-- Records follows --

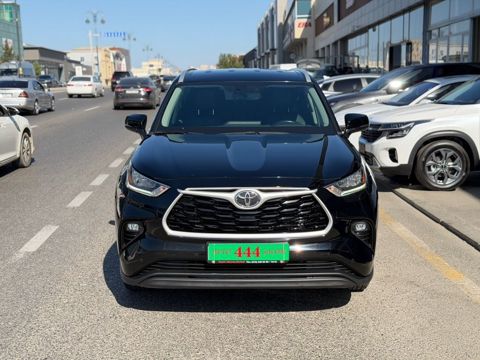 Toyota Highlander, 2.4 L, 2023 il, 76 000 km — Bakı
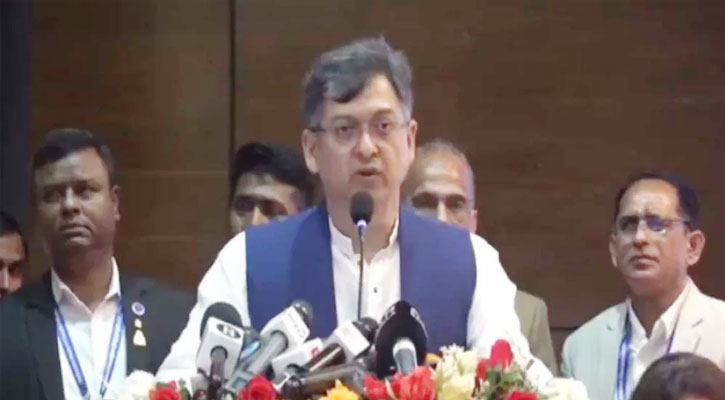 এনসিপির ‘সেকেন্ড রিপাবলিক’ নিয়ে প্রশ্ন তুললেন সালাহউদ্দিন আহমেদ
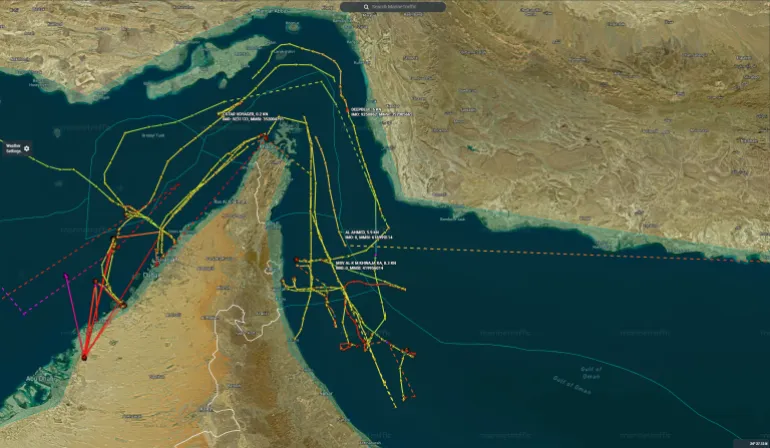 4 سفن فقط تعبر هرمز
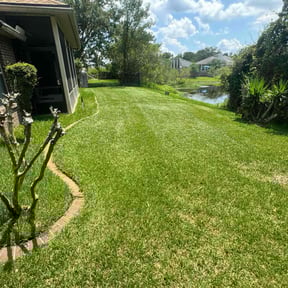 landscape maintenance by Lockwood Lawn Maintenance reviewed on December 31, 2025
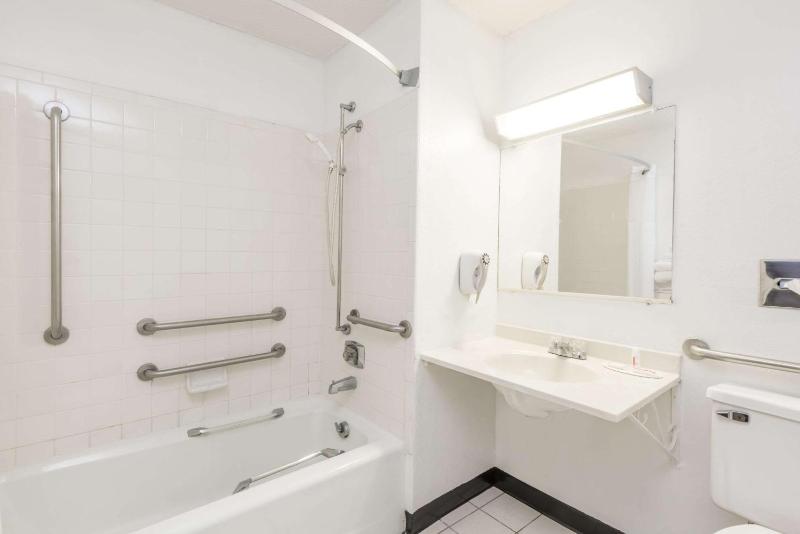 Queen Room - Disability Access/Non-Smoking image 1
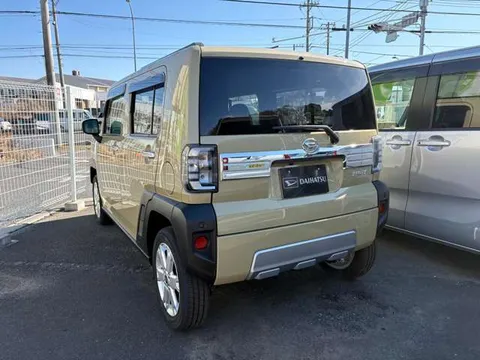 Daihatsu Taft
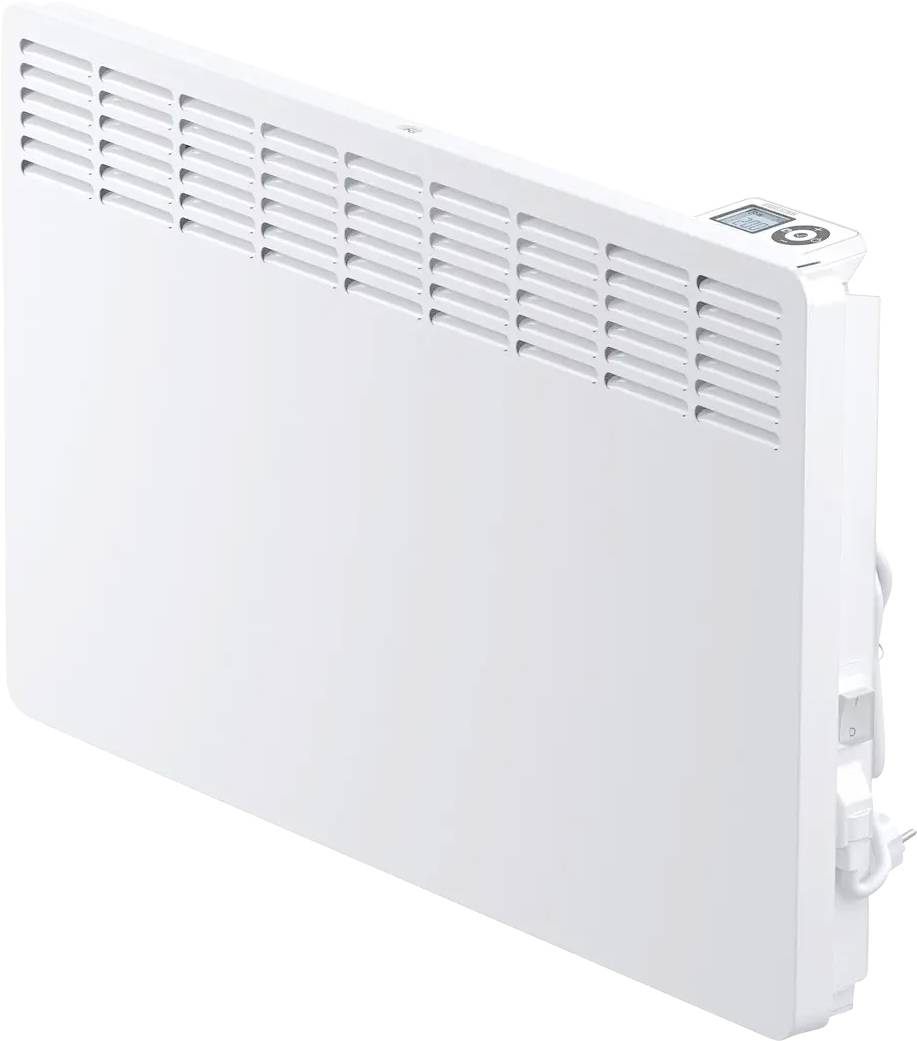 Een witte, rechthoekige radiator met ventilatiesleuven bovenaan, waarschijnlijk een elektrische convector voor binnenruimtes.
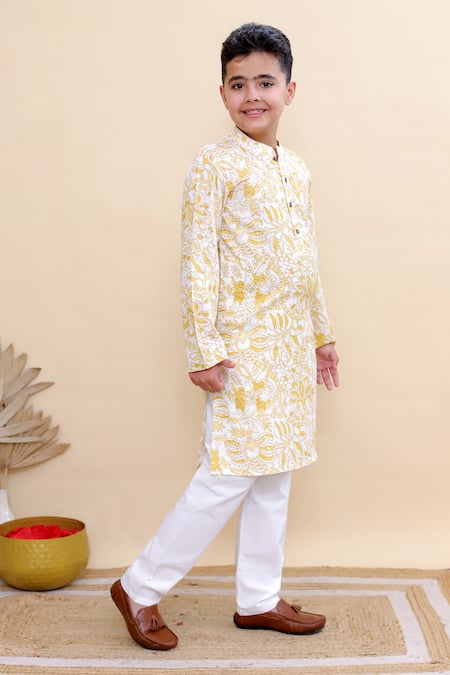 Kalp_White Cotton Lemon Leaf Print Kurta Set _Online_at_Aza_Fashions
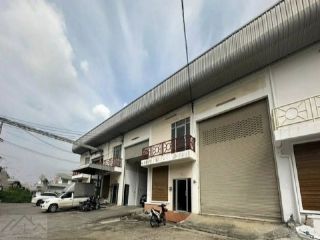 ให้เช่าโกดังพร้อมออฟฟิศ 600 ตร.ม. ซอยยิ่งเจริญ บางพลี สมุทรปราการ พื้นที่สีม่วง ขอ รง.4 ได้ ทำเลดี พร้อมใช้งาน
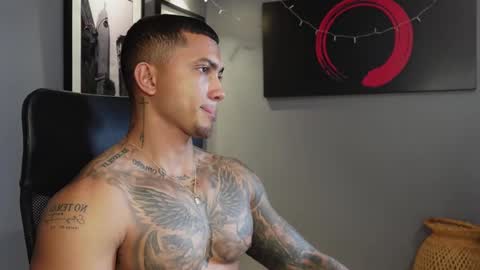 Snapshot of massimo_rizzo_ chatting on November 21, 2025, 8:07 pm Massimo online show from November 21, 2025, 8:07 pm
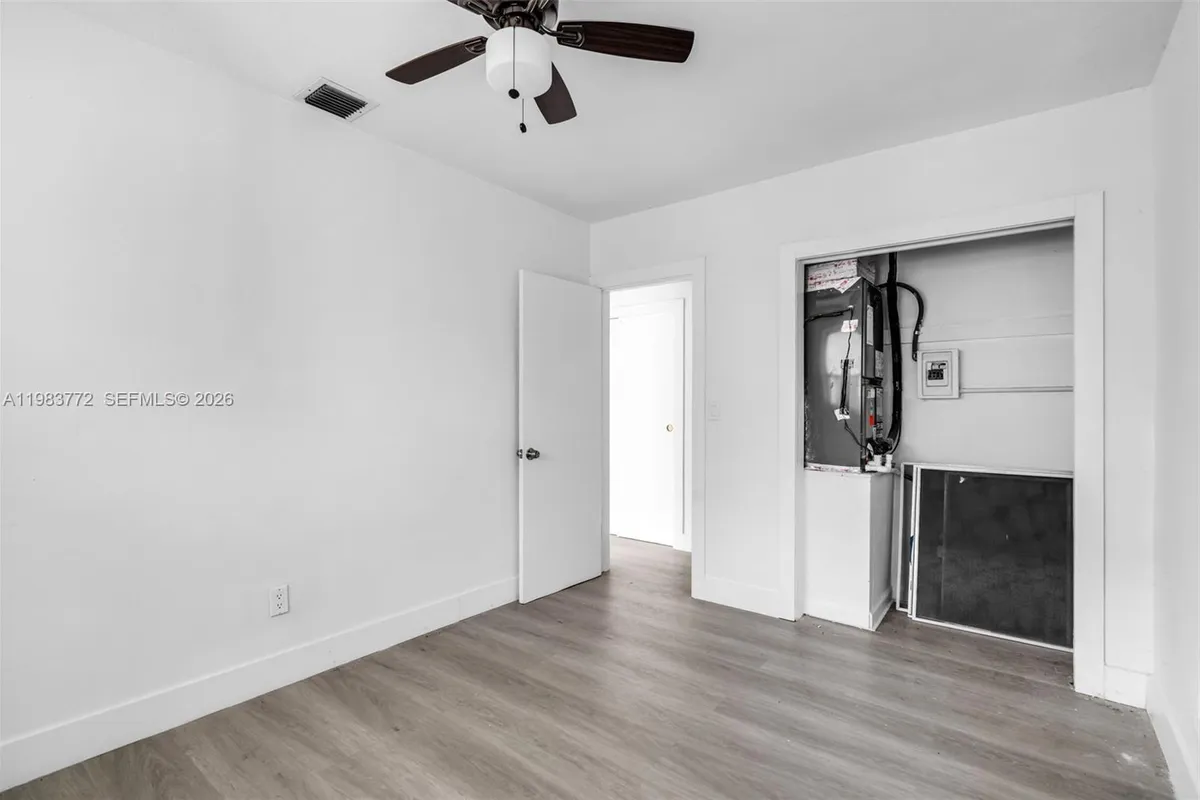 6831 Greene St, Hollywood FL 33024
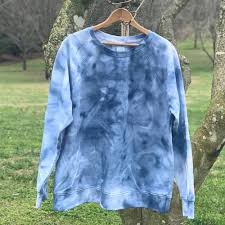 The ice tie dye method is actually easier and less messy than the regular tie dye process. Ice Tie Dye How To Get That High End Tie Dye Look Chaotically Yours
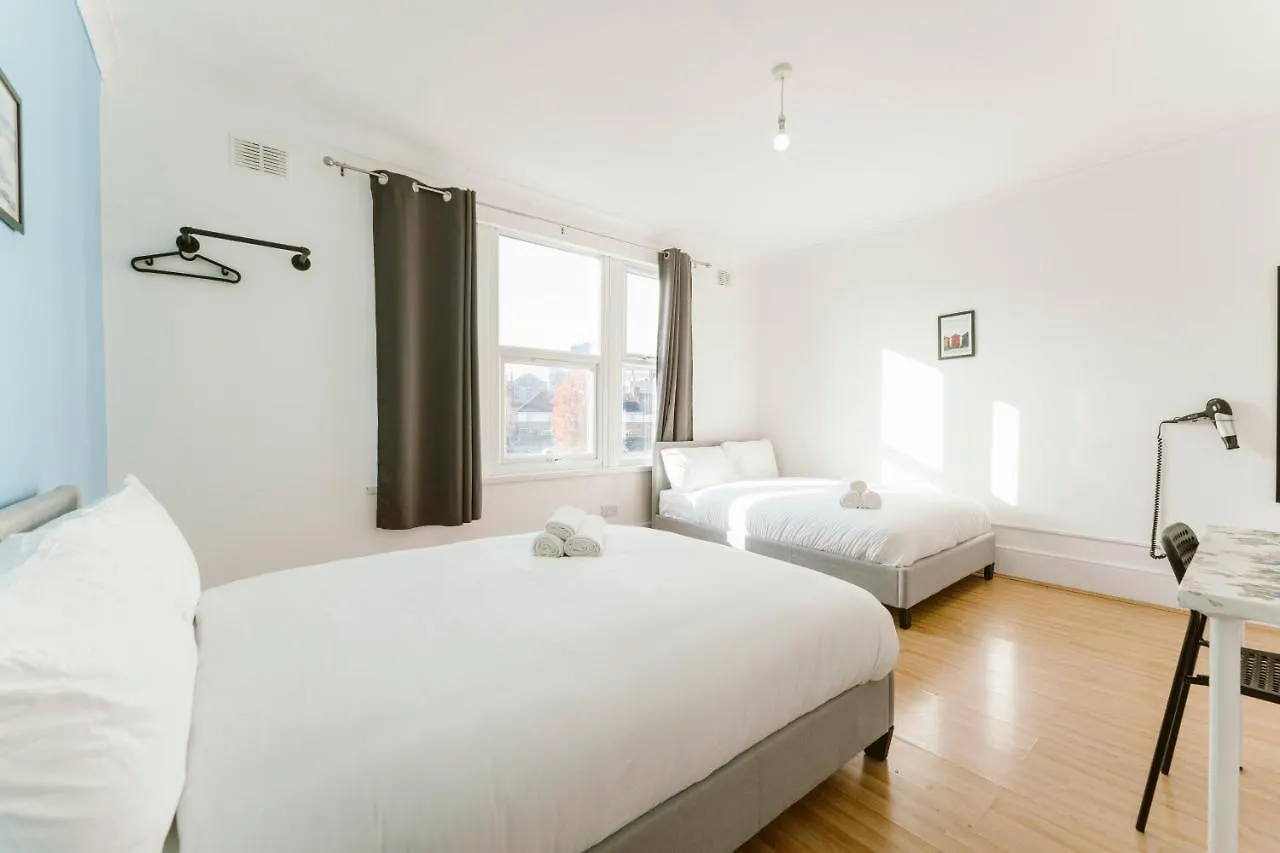 Stratford Cosy Rooms - 37 London 0*,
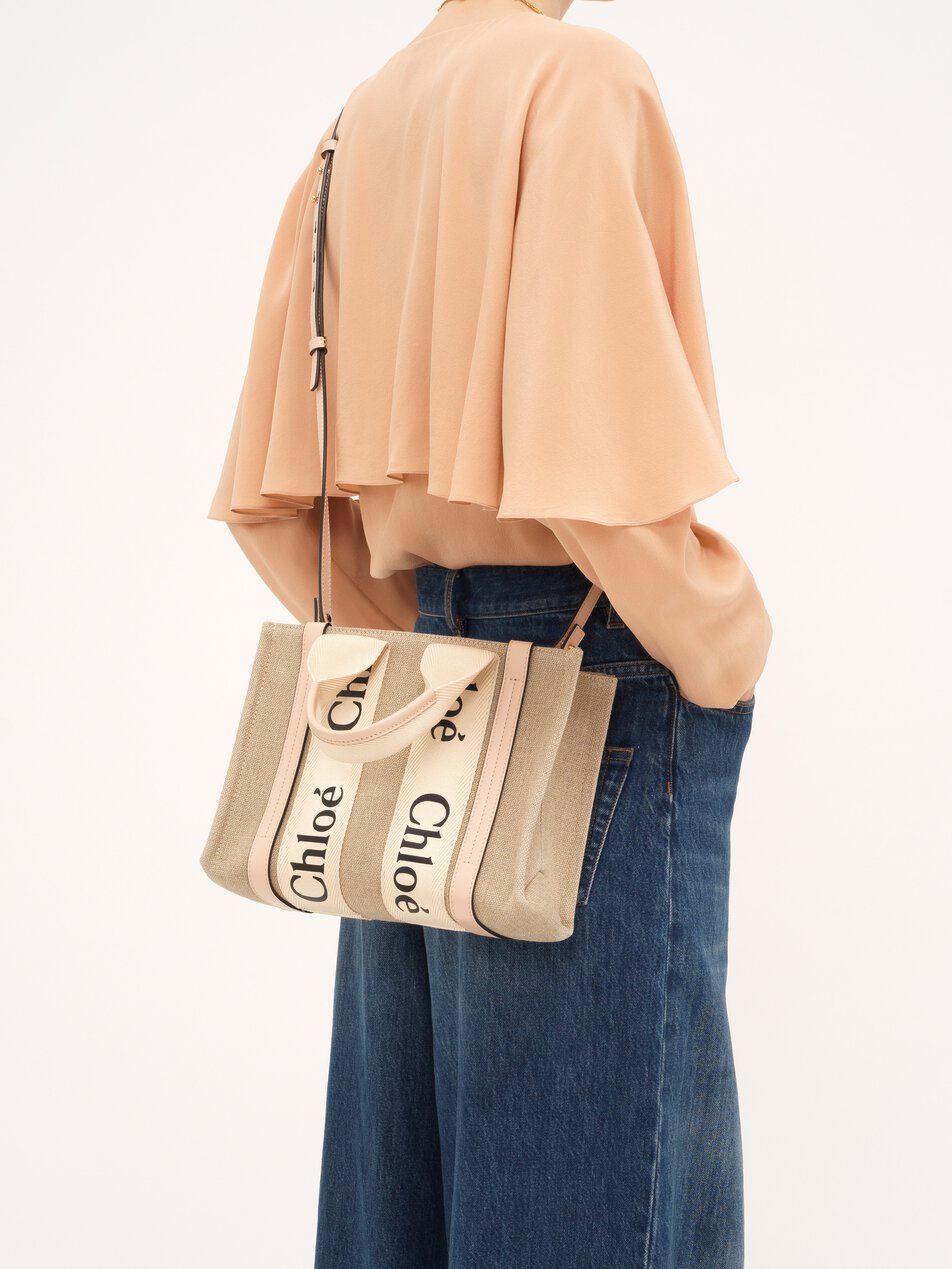 CHLOE Small Woody tote bag in linen Cement Pink by CHLOE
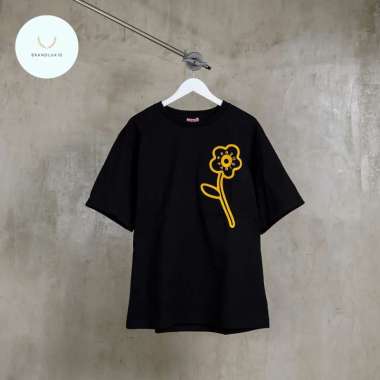 Kenzo Paris Flower Pocket Outline Embroidered Tshirt in Black (unisex) S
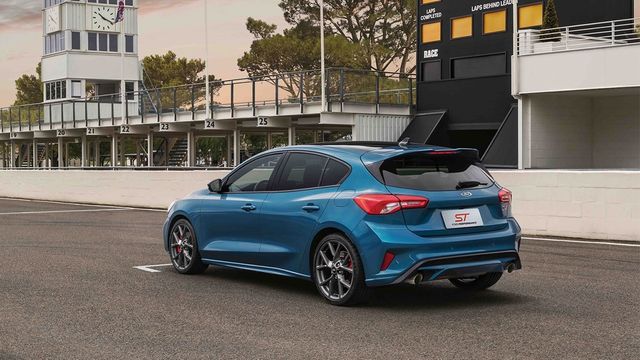 2021 Ford Focus 5D ST  第4張相片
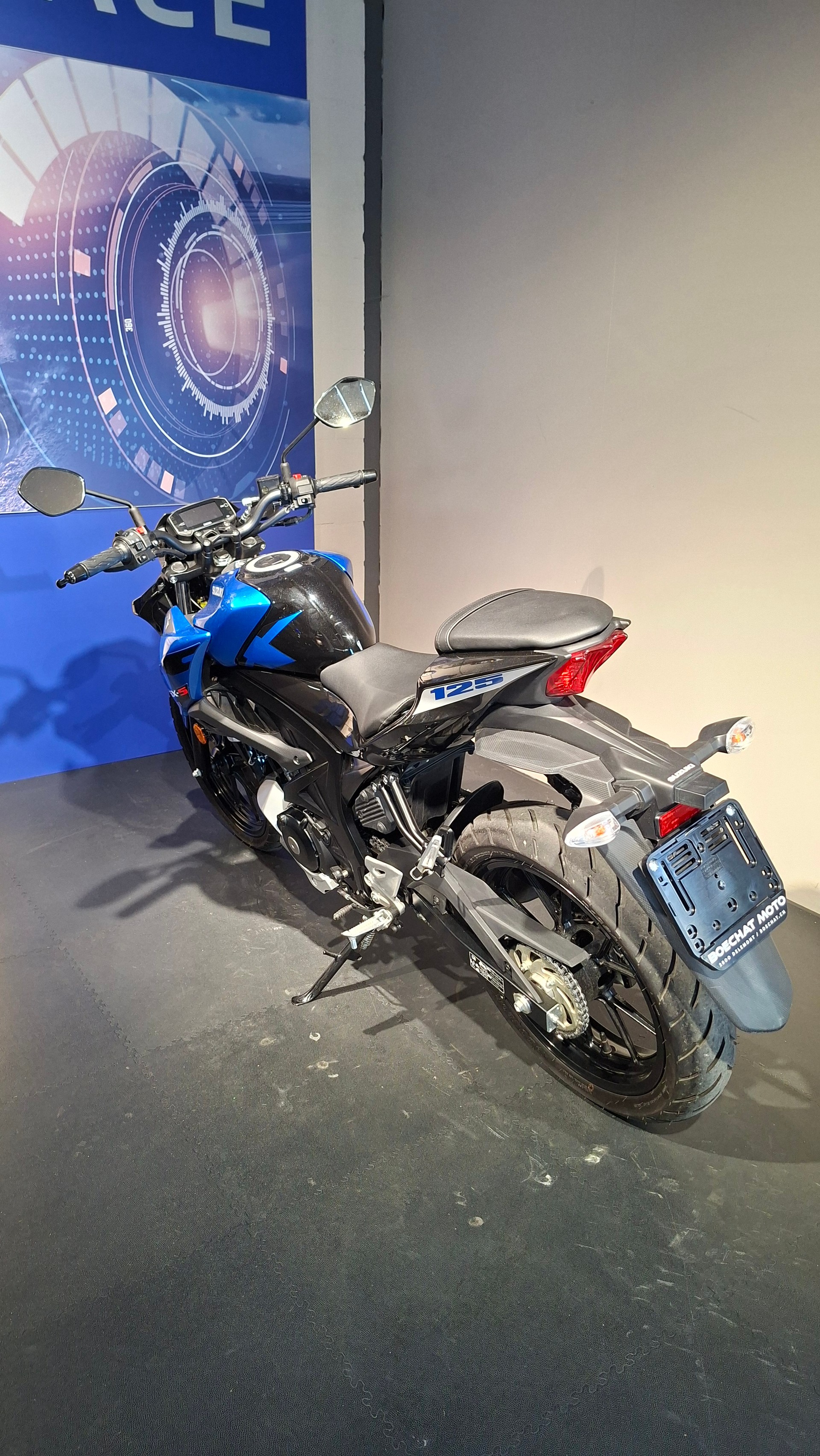 SUZUKI GSX-S 125-image-3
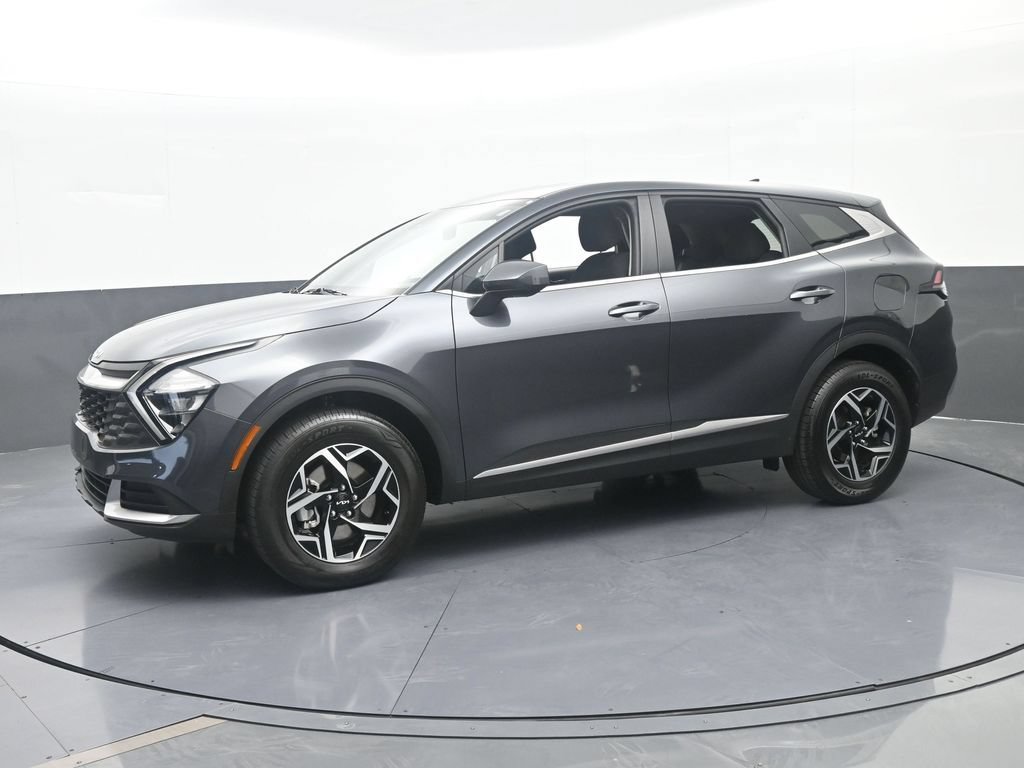 Used 2023 Kia Sportage LX AWD/4WD image 2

-- Records concluded --

## What is being asked
Please hand back every entry above exactly, with no images in the copy.

## Answer section
 Toyota Highlander, 2.4 L, 2023 il, 76 000 km — Bakı
 এনসিপির ‘সেকেন্ড রিপাবলিক’ নিয়ে প্রশ্ন তুললেন সালাহউদ্দিন আহমেদ
 4 سفن فقط تعبر هرمز
 landscape maintenance by Lockwood Lawn Maintenance reviewed on December 31, 2025
 Queen Room - Disability Access/Non-Smoking image 1
 Daihatsu Taft
 Een witte, rechthoekige radiator met ventilatiesleuven bovenaan, waarschijnlijk een elektrische convector voor binnenruimtes.
 Kalp_White Cotton Lemon Leaf Print Kurta Set _Online_at_Aza_Fashions
 ให้เช่าโกดังพร้อมออฟฟิศ 600 ตร.ม. ซอยยิ่งเจริญ บางพลี สมุทรปราการ พื้นที่สีม่วง ขอ รง.4 ได้ ทำเลดี พร้อมใช้งาน
 Snapshot of massimo_rizzo_ chatting on November 21, 2025, 8:07 pm Massimo online show from November 21, 2025, 8:07 pm
 6831 Greene St, Hollywood FL 33024
 The ice tie dye method is actually easier and less messy than the regular tie dye process. Ice Tie Dye How To Get That High End Tie Dye Look Chaotically Yours
 Stratford Cosy Rooms - 37 London 0*,
 CHLOE Small Woody tote bag in linen Cement Pink by CHLOE
 Kenzo Paris Flower Pocket Outline Embroidered Tshirt in Black (unisex) S
 2021 Ford Focus 5D ST  第4張相片
 SUZUKI GSX-S 125-image-3
 Used 2023 Kia Sportage LX AWD/4WD image 2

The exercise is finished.